L’association APIDV – Accompagner, promouvoir, intégrer les déficients visuels -, et le collectif de juristes Intérêt à agir ont mené une action en justice auprès du tribunal administratif de Paris. Avec succès : l’Arcom, l’Autorité de régulation de la communication audiovisuelle et numérique, a donné trois mois aux éditeurs de logiciels disponibles dans les collèges et lycées pour remplir leur obligation de mise à disposition d’une déclaration d’accessibilité. Et se doter d’un schéma d’amélioration.
Adresser un message à un enseignant de ses enfants ? Impossible : la liste des destinataires ne s’active qu’avec une souris, pas au clavier. Choisir les spécialités de sa fille alors en première ? Même problème. Quant à consulter l’annuaire ou l’emploi du temps de cette lycéenne, sa mère a dû aussi rapidement y renoncer.
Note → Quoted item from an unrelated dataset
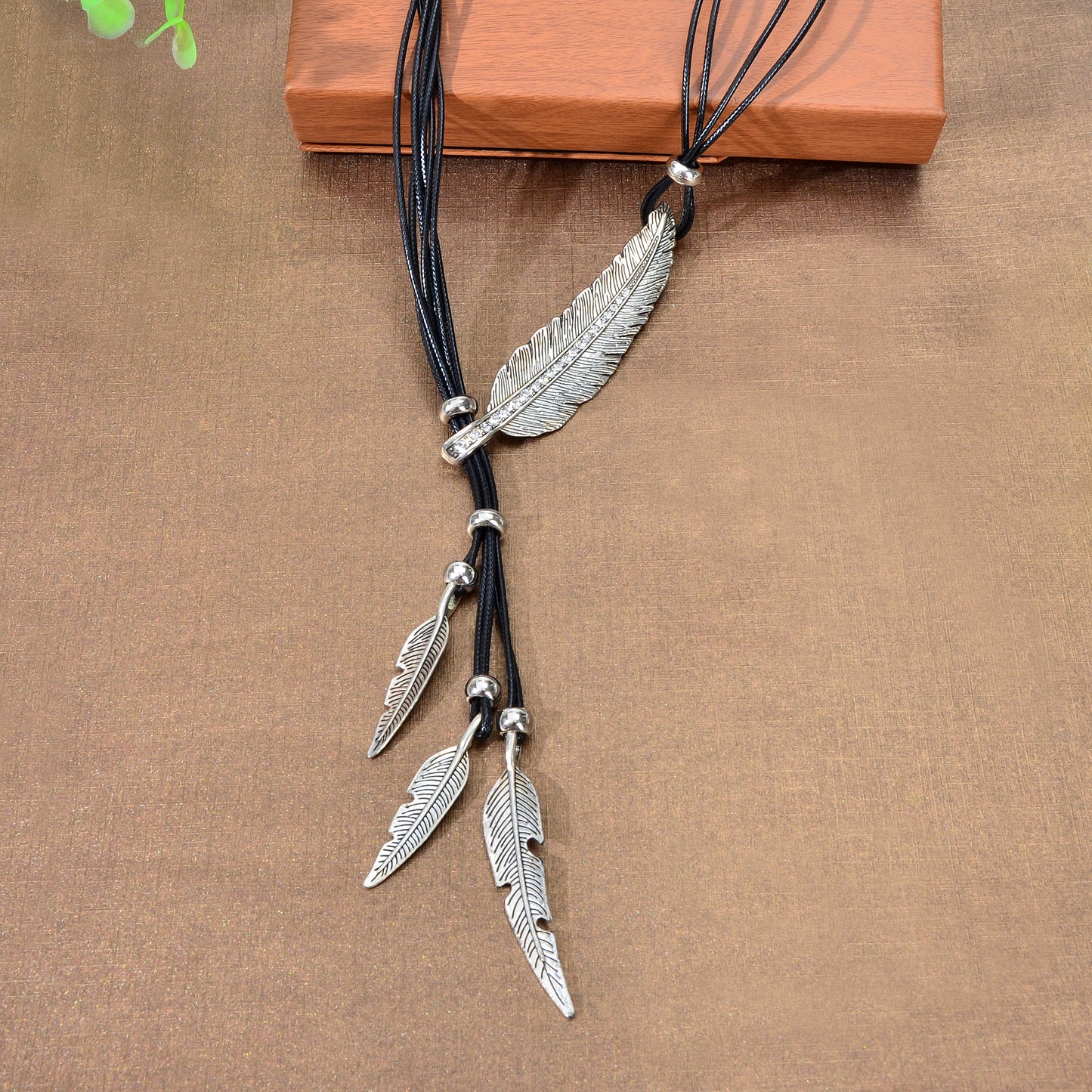 1pc Western Bohemian Black PU Rope Handmade Antique Silver gold Feather Pendant Necklace Women Holiday Jewelry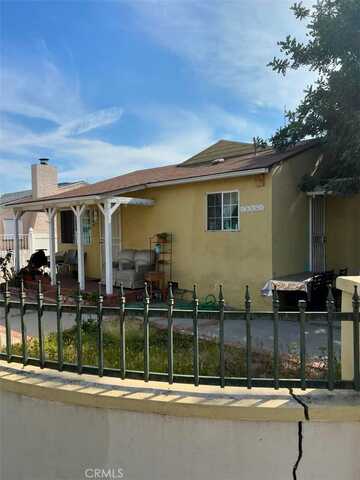 10061 Amboy Avenue, Pacoima, CA 91331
Sylvie Duchateau est aveugle. Sa fille a quitté le lycée en juin 2023 et ses deux enfants sont aujourd’hui étudiants. Mais dans les deux cas, pour son fils comme pour sa fille, au collège comme au lycée, en une petite décennie , elle a affronté quatre logiciels scolaires différents, de type Pronote. Avec chaque fois le même constat, des difficultés d’accès, elle qui utilise un lecteur d’écran.
Des enseignants déficients visuels obligés d’utiliser leur mail personnel
Dans le même temps, et particulièrement au cours du premier confinement, nombre d’enseignants déficients visuels, utilisateurs des mêmes aides techniques, se sont retrouvés incapables de communiquer avec leurs élèves, de leur donner des exercices, ou encore de récupérer leurs travaux. Sauf à passer par leurs adresses mail personnelles.
« Sans taper du poing sur la table, il ne se passera rien »
Forte de ces deux types de situations et de témoignages, l’association APIDV décide, en avril 2021, d’entreprendre une action en justice. Elle demande au tribunal administratif de Paris de contraindre les éditeurs de logiciels et applications scolaires à proposer des services accessibles. Prononcée le 21 mai dernier, la décision confie à l’Arcom, l’autorité en charge du sujet depuis le 1er janvier dernier, de les enjoindre à s’exécuter. Depuis, certains éditeurs ont déjà, à tout le moins, publié leur déclaration d’accessibilité.
« Enfin !, commente Sylvie Duchateau. Cela fait longtemps que j’espérais que les associations se mobiliseraient. Parce que mener une action en justice permet souvent d’obtenir gain de cause. Sans taper du poing sur la table, sans sanctions, il ne se passera rien. La loi de 2005 a 20 ans et elle n’est toujours pas respectée ! »
Une action qui en annonce d’autres
Désormais, les parents ou enseignants qui constatent l’inaccessibilité d’un logiciel ou d’une application scolaires avec un lecteur d’écran peuvent le signaler à l’Arcom. « Plus l’Arcom sera sollicitée, plus elle va agir ! », espère Hervé Rihal, professeur émérite de droit public, l’un des juristes à la manœuvre dans cette saisine du tribunal administratif. Et il prévient qu’APIDV prévoit de mener d’autres actions en justice de ce type pour que tous les services publics et les entreprises privées assujetties respectent, enfin, leurs obligations légales en matière d’accessibilité numérique.